*** Opening of Task input ***

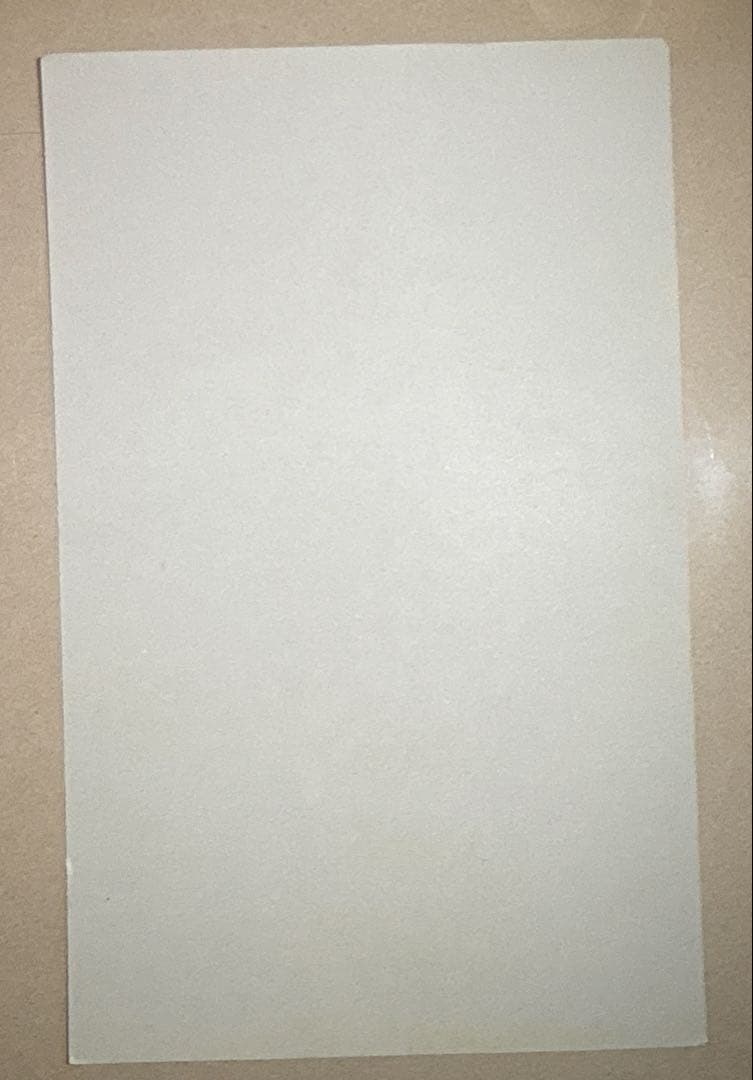 ドラゴンボール カードダス100 ディスプレイ台紙 CARD GAME 2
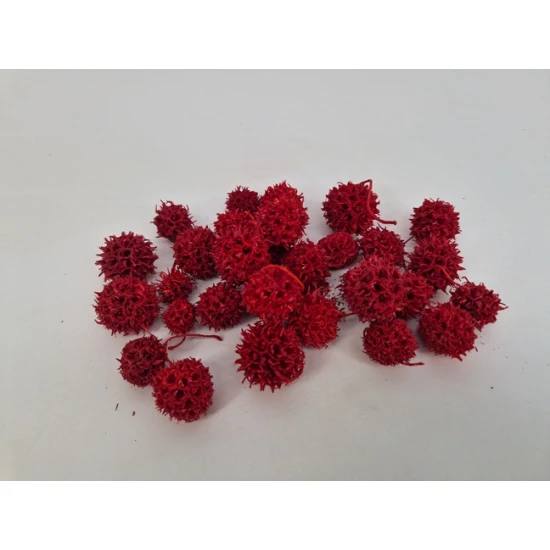 LIQUIDAMBAR ROOD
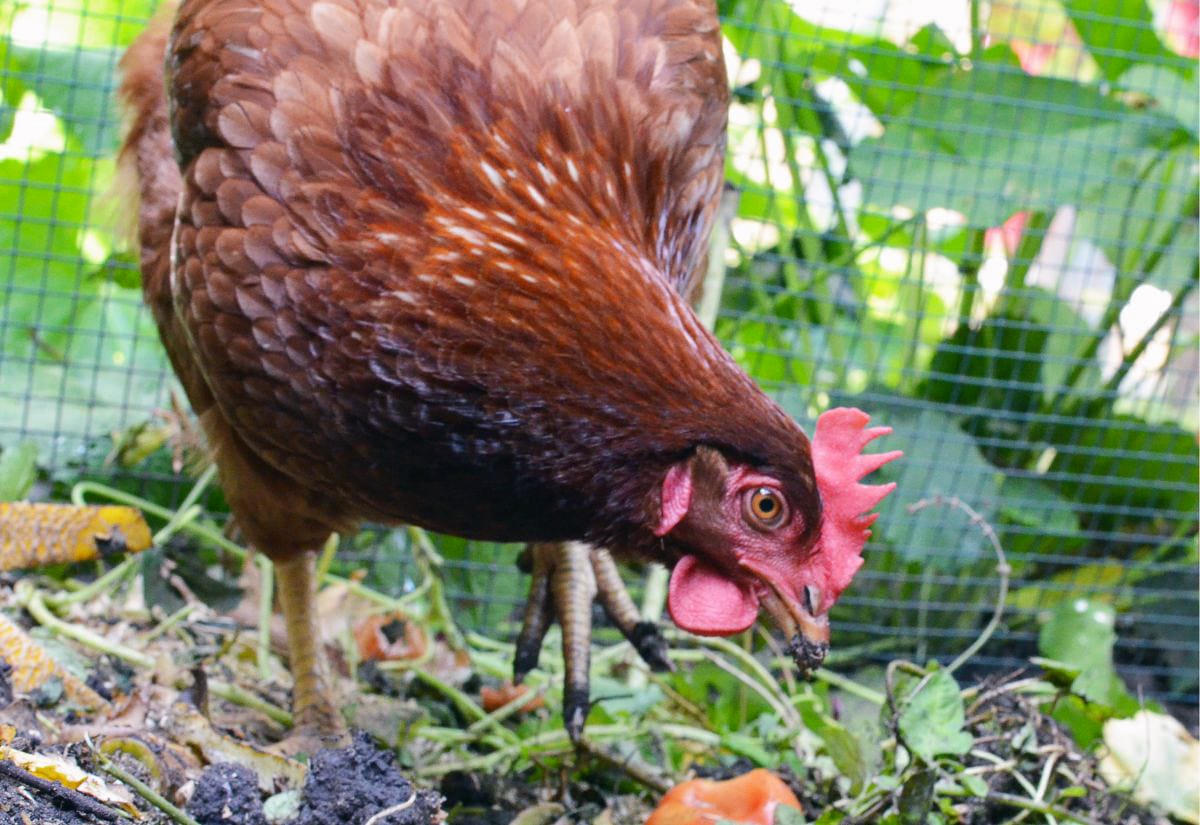 A brown chicken pecks through food scraps and garden waste inside a fenced area.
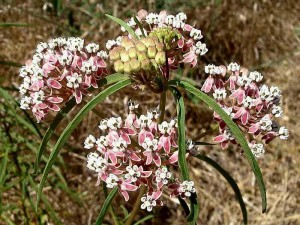 025-narrow-leaved-milkweed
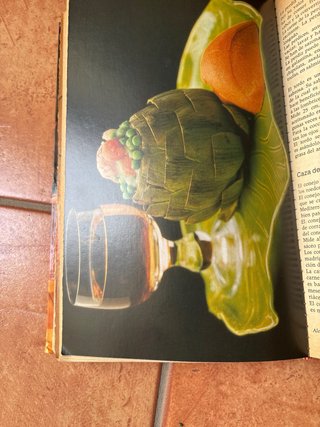 Gran libro de cocina española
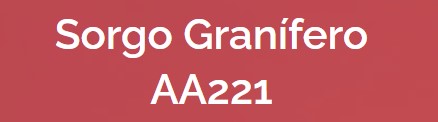 Semente de sorgo AA221 S-2 3,5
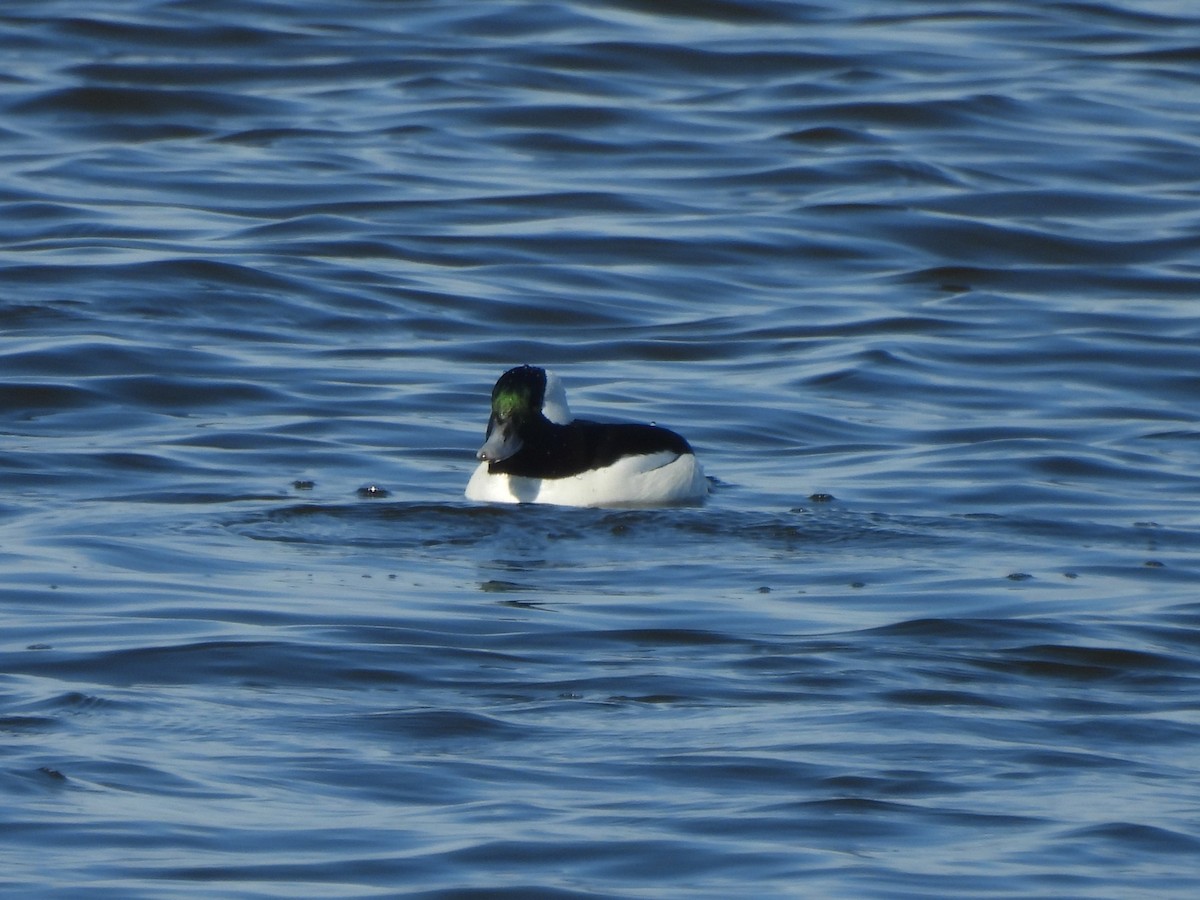 Bufflehead - ML647859352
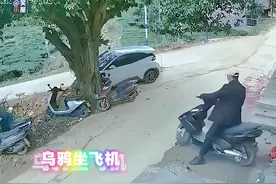 骑着电瓶车，我也能感受到风的速度。#搞笑 #看一遍笑一遍视频封面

*** Close of Task input ***

◆ Problem statement
Only the lines from the line holding "LIQUIDAMBAR ROOD" through the last line above belong in the answer, repeated exactly; the pictures do not.

◆ Result for this exercise
 LIQUIDAMBAR ROOD
 A brown chicken pecks through food scraps and garden waste inside a fenced area.
 025-narrow-leaved-milkweed
 Gran libro de cocina española
 Semente de sorgo AA221 S-2 3,5
 Bufflehead - ML647859352
 骑着电瓶车，我也能感受到风的速度。#搞笑 #看一遍笑一遍视频封面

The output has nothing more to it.